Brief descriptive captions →
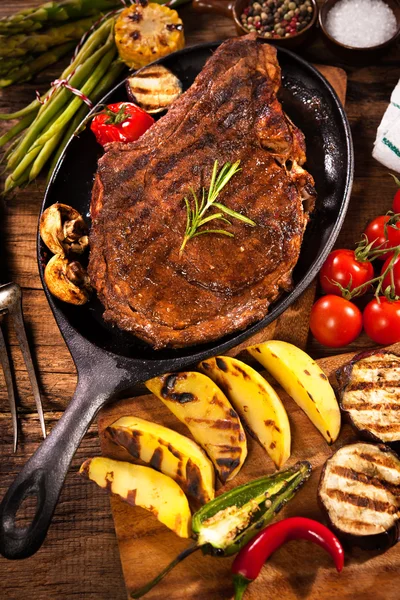 Nötstek med grillade grönsaker på trä — Stockfoto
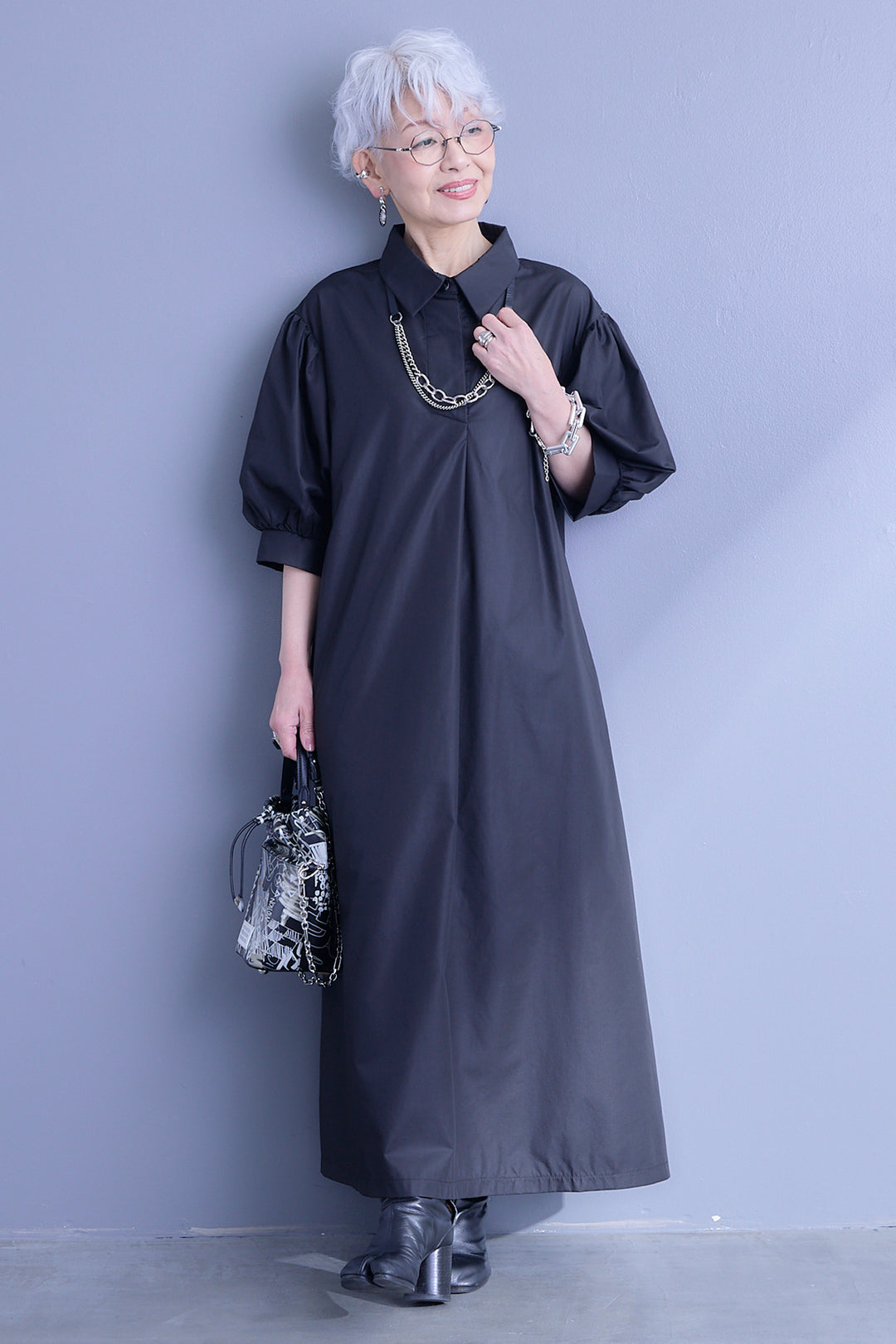 【予約】バックロゴエンブロイダリーボリュームスリーブシャツワンピース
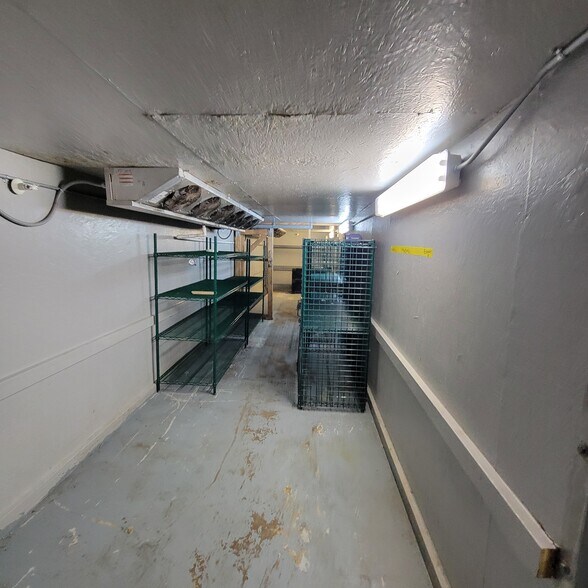 More Photos Of 5381 Abbott Rd, Hamburg Restaurant For Sale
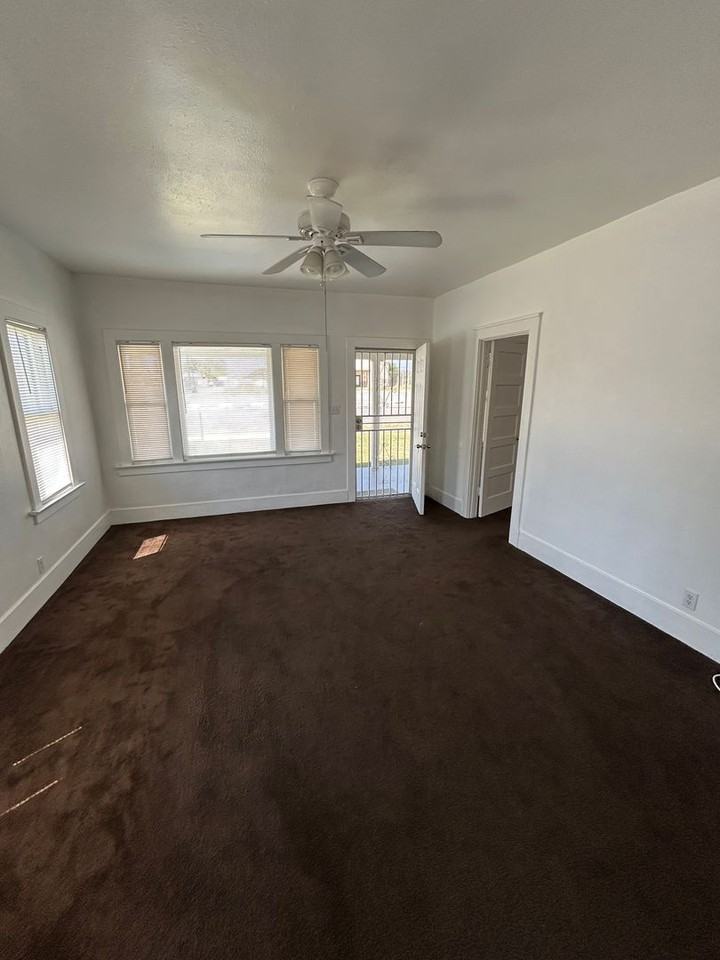 410 E B St - Photo 6 of 12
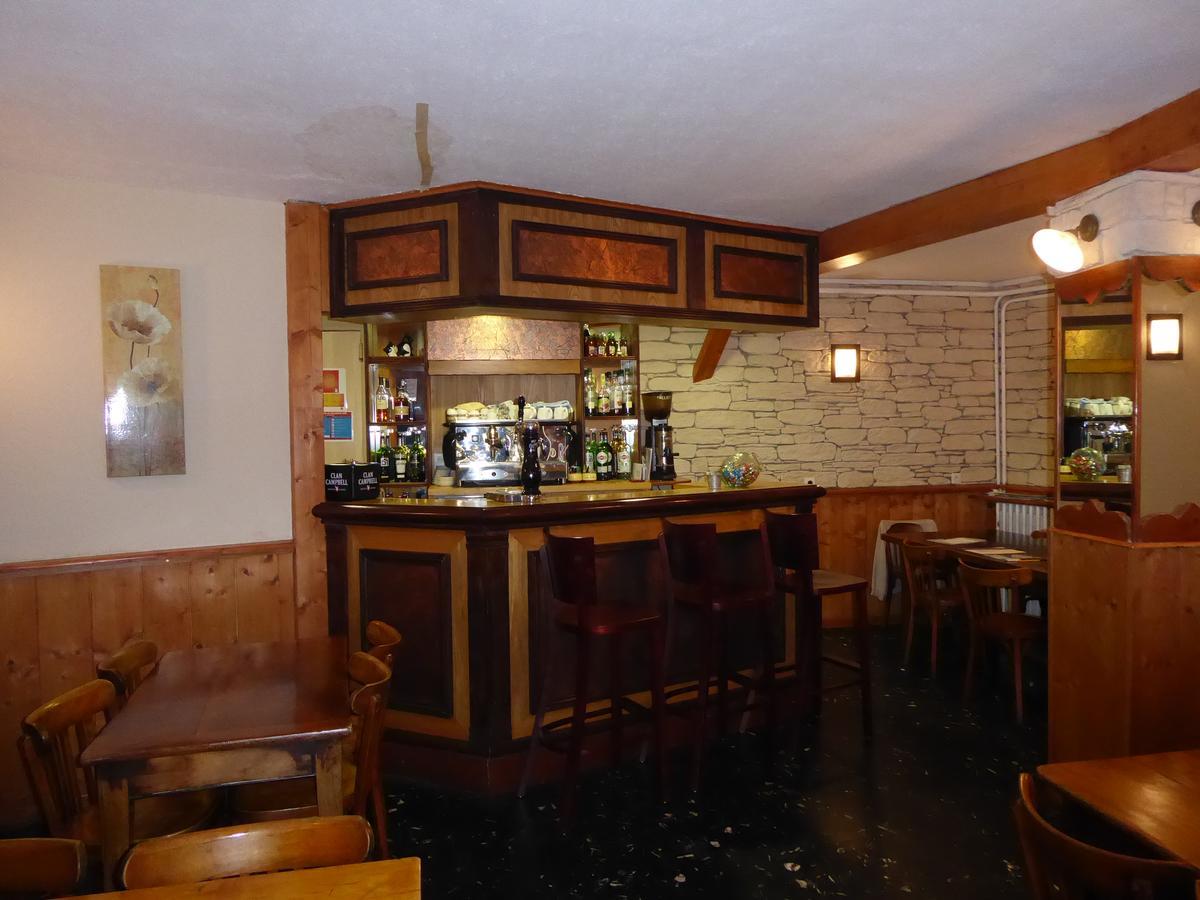 Hotel Les Chenets Saint-Julien-en-Champsaur Luaran gambar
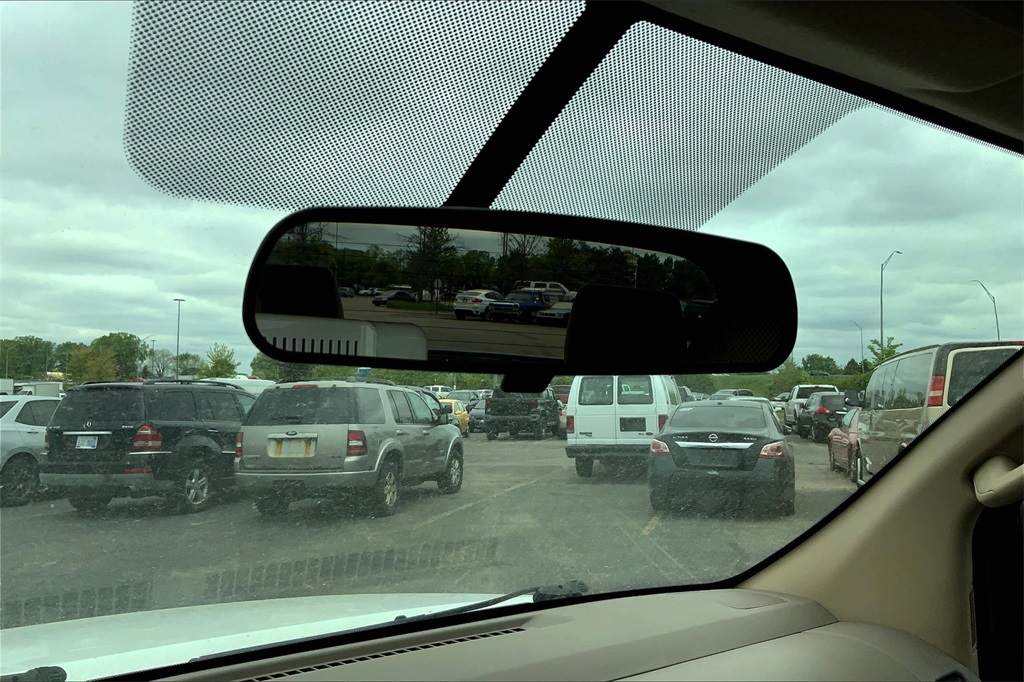 2011 Nissan Frontier SV photo 23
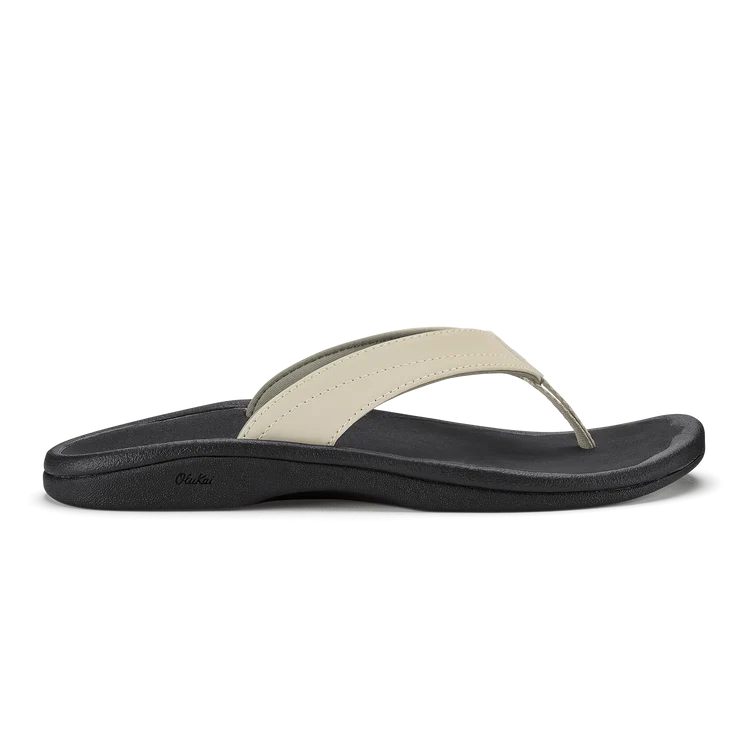 OluKai Women's Ohana Sandals ECRU/BLACK / 7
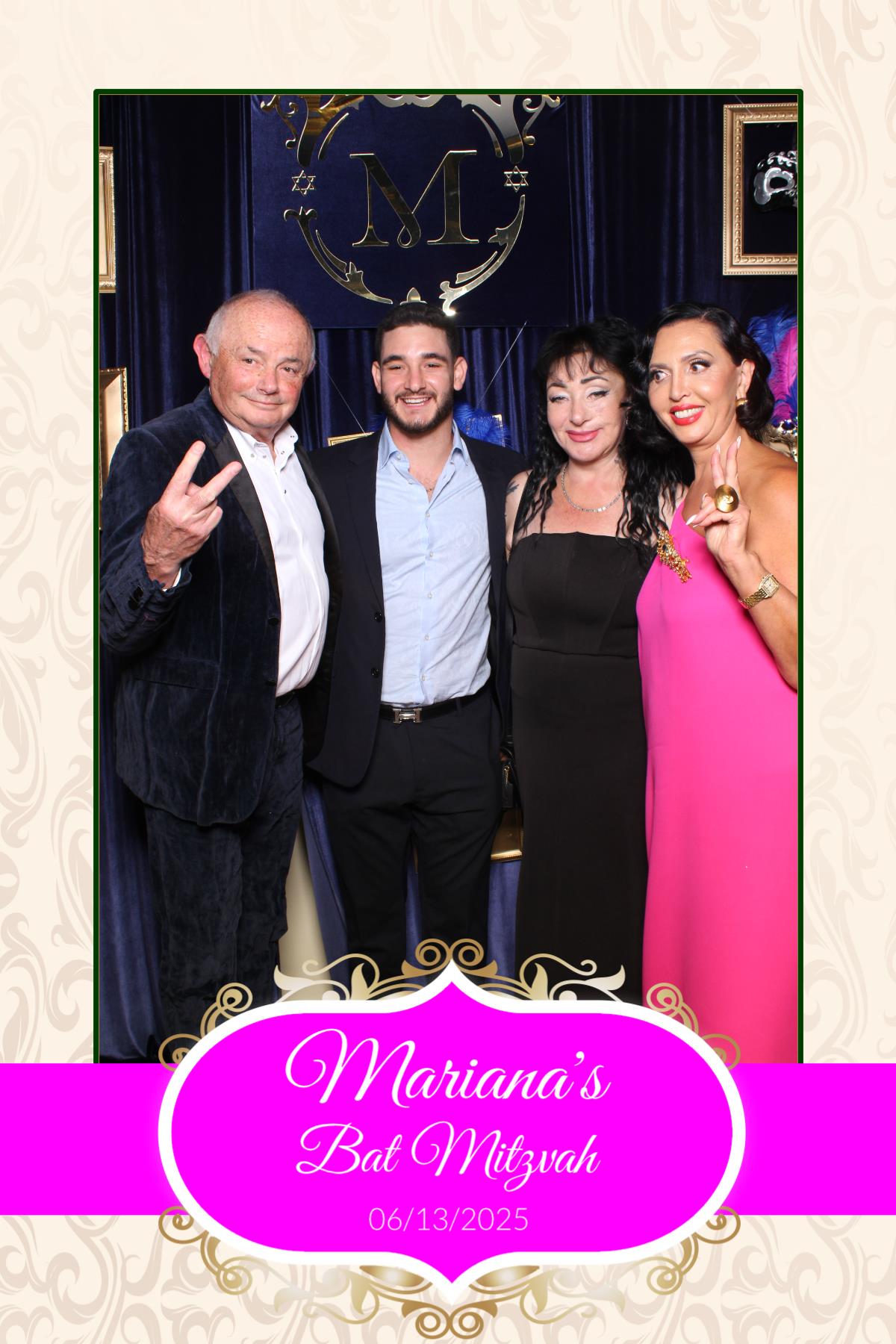 Mariana's Bat Mitzvah | View more photos from the event at gallery.myselfiemirror.ca/u/romanmyselfiemirrorca/Marianas-Bat-Mitzvah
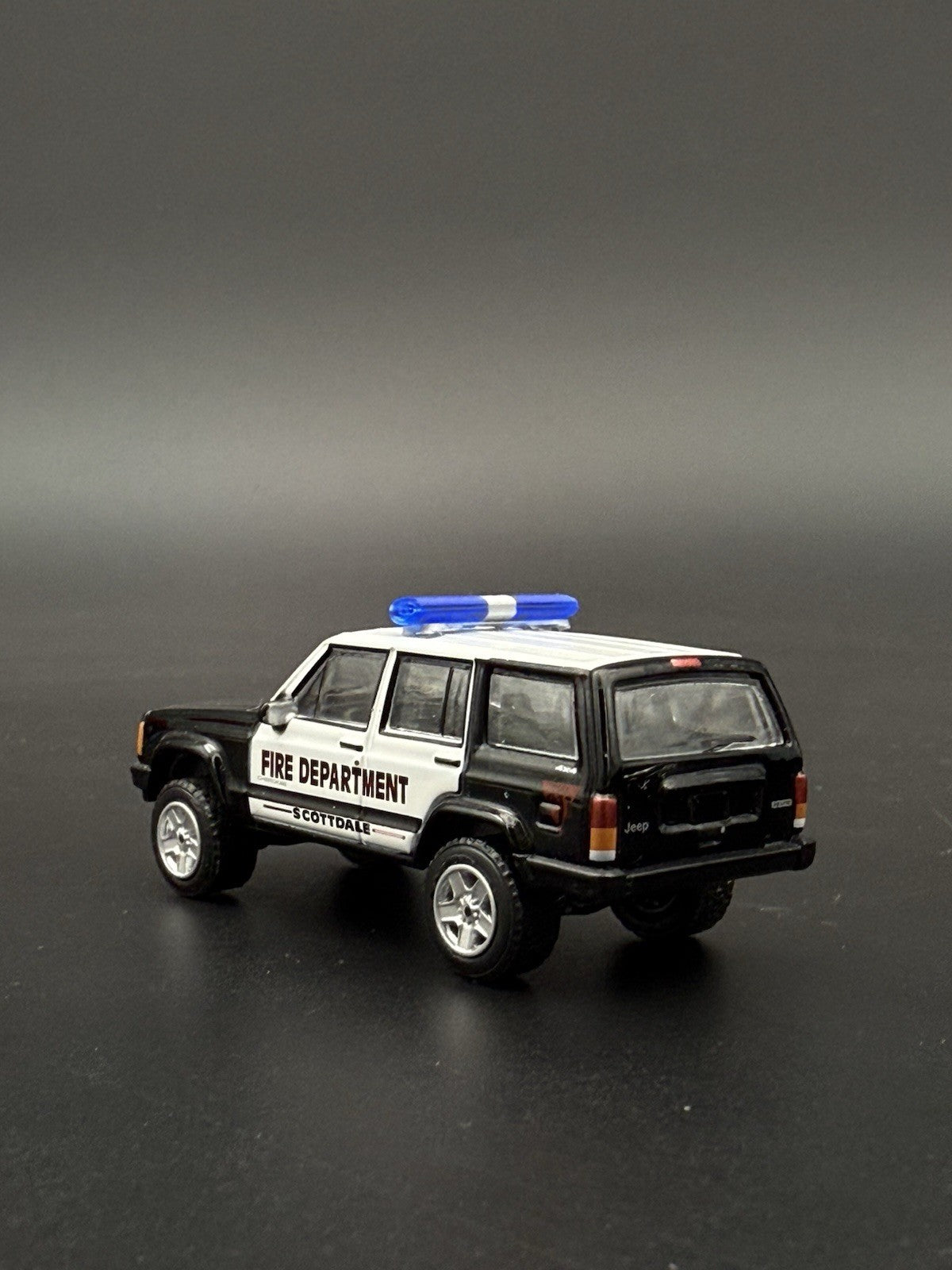 2 Pack 1/64 Blue Chrome Federal Signal Aerodynic Lightbar Police Sheriff 6414B23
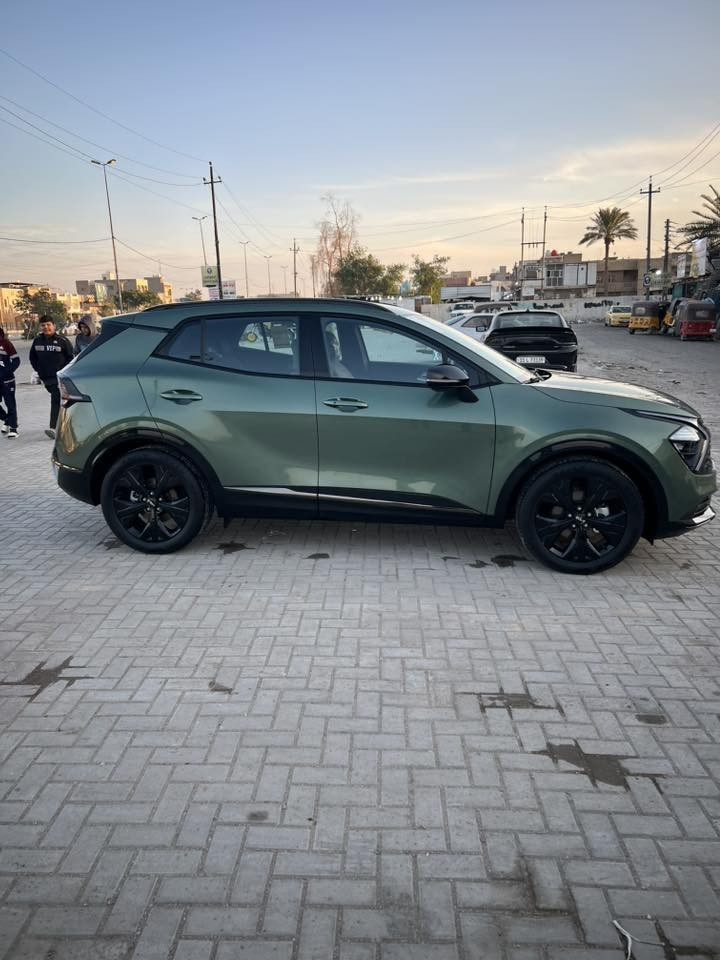 كيا سبورتج 2025 موديل بلاك ادشن لون زيتوني (مميز) فول مواصفات قمارة حديد مكفولة
الرقم بغداد بسمي
وارد خليجي ماشيه 14 الف
-تشغيل عن بعد
- محرك 2000 دوش
- صندوك كهرباء
- مقاعد امامية كهرباء
-داخل كنتارا 
- تدفئة كشنات والستيرن
- شفتات تبديل خلف الموقد
- كاميرا + حساسات
- ويل كاب 19 انج لماع
- شباك لماع
- داخل جلد زيتوني ملكي
- مرايا سوداء
- درايف مود + اوتو هولد
- هاند بريك بصمة
- تحكم ستيرن جهتين
- شاحن لاسلكي
السيارة داخل ضمان الدولية العراقية
السعر 240 ورقة 💵
مكاني بغداد حي الجهاد
الرقم ***********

ASSIGNMENT →
Lines from the records above that hold "داخل" are the ones to list.

RESULT →
-داخل كنتارا 
- داخل جلد زيتوني ملكي
السيارة داخل ضمان الدولية العراقية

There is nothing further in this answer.